Spaziergang zur georgianischen Southside von Dublin

Von der Temple Bar aus gehen wir an der Central Bank of Ireland vorbei und überqueren die stark befahrene Dame Street. Unser nächstes Ziel ist die georgianische Southside mit ihren attraktiven Häuserzeilen, Parks und dem Trinity College. Der Spaziergang bringt uns zuerst in die St Andrew's Street mit der gleichnamigen Kirche.

Auf dieser Anhöhe hielten die Wikinger ihren »Thing«, also ihre Volks- und Gerichtsversammlungen ab. Später lösten sich hier im Lauf der Jahrhunderte mehrere Kirchenbauten ab. Im zuletzt erbauten Gotteshaus hat sich die Touristeninformation eingerichtet, nachdem die anglikanische Gemeinde keine Verwendung mehr dafür fand.

St Andrew's Church - Dublins Touristeninformation
Sightseeing-Bus in Dublin

Anstelle der Wikinger versammeln sich heute Touristen auf der Anhöhe. Neben der Tourist-Info und der Haltestelle der Sightseeing-Busse sind diese auf der Suche nach Molly Malone. Die Bronzestatue der drallen Fischverkäuferin wurde 1987 zur 1000-Jahr-Feier der Stadtgründung aufgestellt.

Längst ist sie zu einem Wahrzeichen Dublins geworden. Ihrem knappen Dekolleté hat sie den Beinamen »tart with a cart« – also Flittchen mit dem Karren – zu verdanken.
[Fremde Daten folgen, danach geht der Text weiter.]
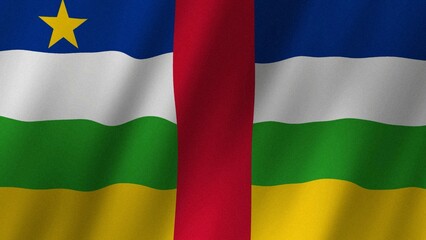 Central African Republic flag waving in the wind. Flag of Central African Republic images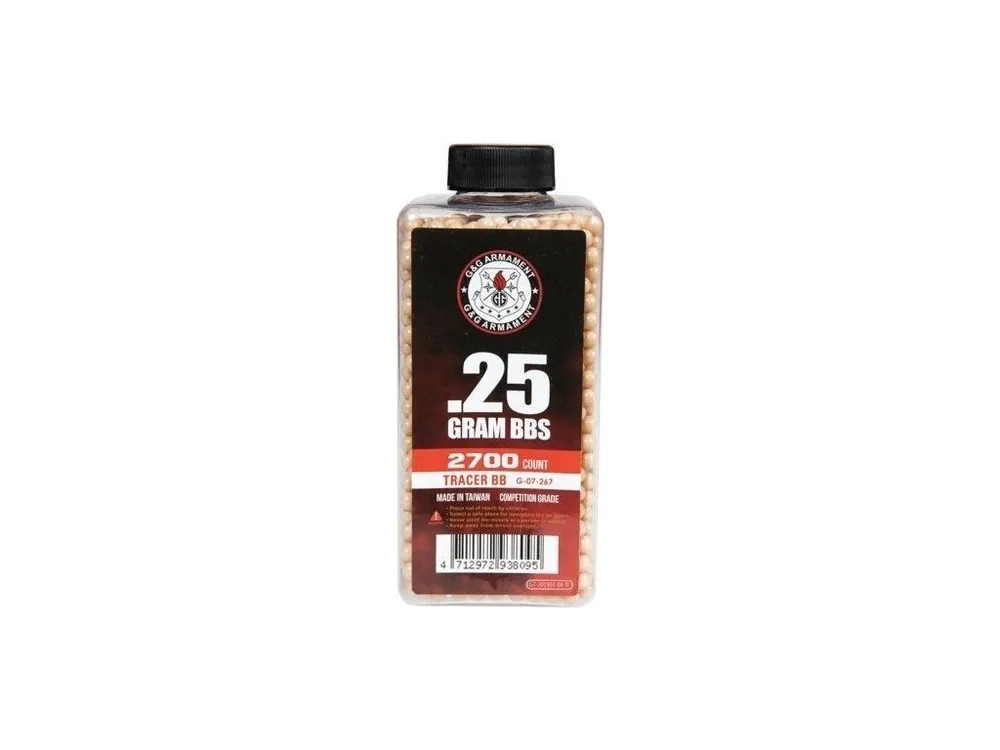 Airsoftové kuličky G&G 0,25g, 2700bb, láhev, nasvětlovací červené Omezená Nabídka
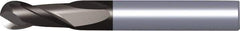 Kennametal - 20mm Diam, 32mm LOC, 2 Flute Solid Carbide Ball End Mill - TiAlN Finish, Single End, 104mm OAL, 20mm Shank Diam, Spiral Flute - USA Tool & Supply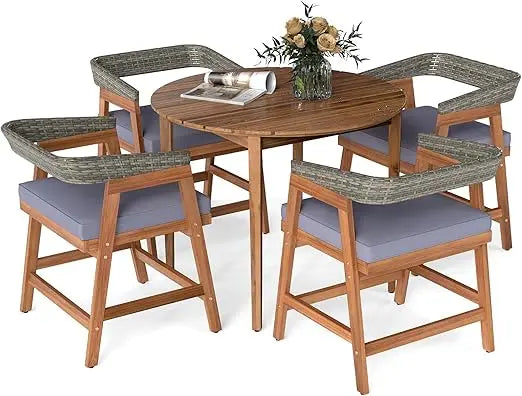 5 piece patio dining set for 4, outdoor solid wood round table with cushioned chairs, for deck, lawn, garden and poolside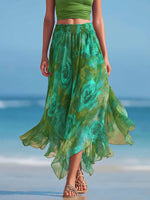 Women's Abstract Print Elastic-waist Casual Loose Chiffon Skirt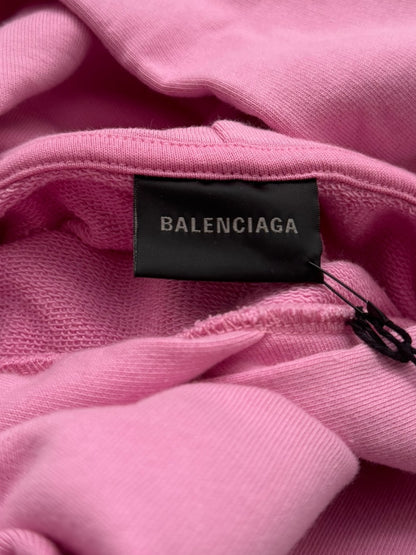 Pink Oversized Embroidered Hoodie
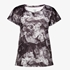 Dames sport T-shirt zwart bloemenprint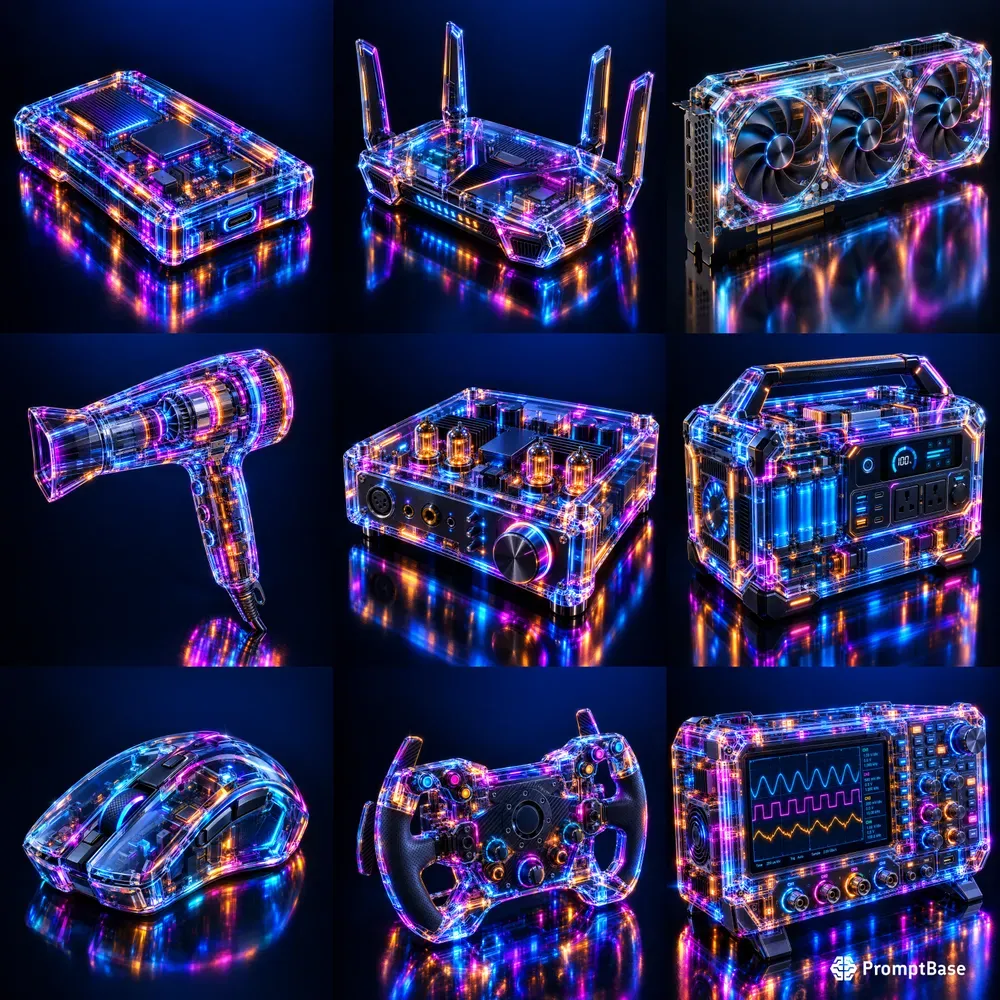 Neon Glass Product Renders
Kugel vor der Zentralbank von Irland
Molly Malone in Dublin
Turm beim Trinity College von Dublin

Flittchen hin oder her, sie ist ein Anziehungspunkt für Touristen, aber auch für Artisten, die hier ihren Unterhalt verdienen. Egal ob Musiker oder Pantomime, die Bronzestatue ist kaum ohne arbeitendes Beiwerk zu fotografieren. Bei unserem Besuch sitzt ein dicker Leprechaun direkt davor.

Dieses irische Feenwesen ist bekannt dafür, dass es vergängliches Gold verteilt und damit die glücklichen Finder an der Nase herum führt. Mollys Leprechaun ist hingegen eher am Einsammeln von »Gold« oder zumindest ein paar Euromünzen interessiert. Nun denn, wollen wir ihn dabei nicht stören.